Any incremental query performance benefit is tiny compared to the loss of 
managability.   

I.e. shouldn't segments _always_ be kept small enough to facilitate 
re-balancing data across shards?   Even in non-cloud instances this is true.  
When a collection grows, you may want shard/split an existing index by adding a 
node and moving some segments around.    Isn't this the direction Solr is 
going?   With many, smaller segments, this is feasible.  With "one big 
segment", the collection must always be reindexed.
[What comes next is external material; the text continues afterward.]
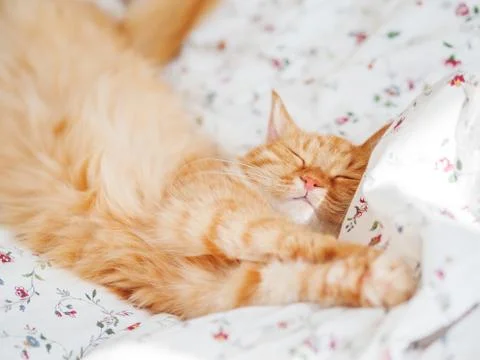 Cute ginger cat lying in bed. Fluffy pet stretching. Cozy home background, mo Stock Photos
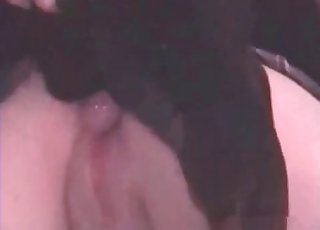 Ein gelehrter Hund und ein erstaunlicher Zoophiler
Thus, "optimize" would mean, "get rid of all deleted records" and would, in 
fact, optimize queries by eliminating wasted I/O.   Perhaps worth it for slowly 
changing indexes.   Seems like the Tiered merge policy is 90% there ...    Or 
am I all wet (again)?

-----Original Message-----
From: Walter Underwood [mailto:wun...@wunderwood.org] 
Sent: Monday, June 29, 2015 10:39 AM
To: solr-user@lucene.apache.org
Subject: Re: optimize status

"Optimize" is a manual full merge.

Solr automatically merges segments as needed. This also expunges deleted 
documents.

We really need to rename "optimize" to "force merge". Is there a Jira for that?

wunder
Walter Underwood
wun...@wunderwood.org
http://observer.wunderwood.org/  (my blog)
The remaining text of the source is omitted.